# Deep Drop Electric Reel Recommendations



## SnapperSlapper (Feb 13, 2009)

What do you guys that are deep dropping recommend for reels? I've used the Electramates on 4/0s and 6/0s, and in my opinion they are crap. I've also used the Daiwa Tanacom Bull electric, and really like it. I'm just concerned about durability. I know Kristals have a good reputation, but I don't want to spend $1200 on a reel.

What are you guys using? Does anyone have any experience with Precision Electric Reels or Dolphin Electric Reels? Thanks.


----------



## Speckulator (Oct 3, 2007)

Can't beat the Electramate with a Tiagra 80 or 130......

Lighter 4/0 reels don't have the umphhh!!!!!

George


----------



## HighCotton (Oct 2, 2007)

I have one Precision that I have fished for several years now.
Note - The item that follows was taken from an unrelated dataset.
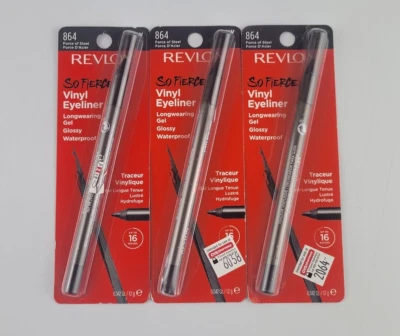 3 PACK REVLON SO FIERCE! VINYL EYELINER WATERPROOF 864 FORCE OF STEEL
They are quiet, powerfull & reliable. The mounting bracketlooks kind of mickey mouse, but it has not created any problems. Be sure you don't have any loose clothing that can getcaughtin the drive between the motor and the reel. This drive is exposed with Precision's design, but hasn't been an issue for me. The other thing to consider with Precision is they are sealed units & can not be fixed on the spot if they crap out... they must be sent back to themanufacturer for repair. Having said that, mine has never had any problems. Hope this helps. :letsdrink


----------



## countryjwh (Nov 20, 2007)

we use electramates also with penns. they have been fine for us but we dont deep drop everyday either. we may only do it once a few weeks.


----------



## Xanadu (Oct 1, 2007)

I have a Lindgren Pittman Shimano 80. It's a 24v unit and I might be persuaded to sell it since I never use it.



Send me a PM if you're interested. As I recall, its loaded with 200# spectra and I have a short J&M rod for it.


----------



## BuckWild (Oct 2, 2007)

electramate 940xp with a 9/0 penn. also use precisions a bit. precisions are made with bondo and you must cut into them and re bondo to fix switches etc... not user friendly for the do it yourselfer :banghead electramate is slower, but it seems to have more torque.


----------



## SnapperSlapper (Feb 13, 2009)

Thanks for the feedback. I've decided to go with the Daiwa to start with. If I'm happy with it, I'll probably add a second.


----------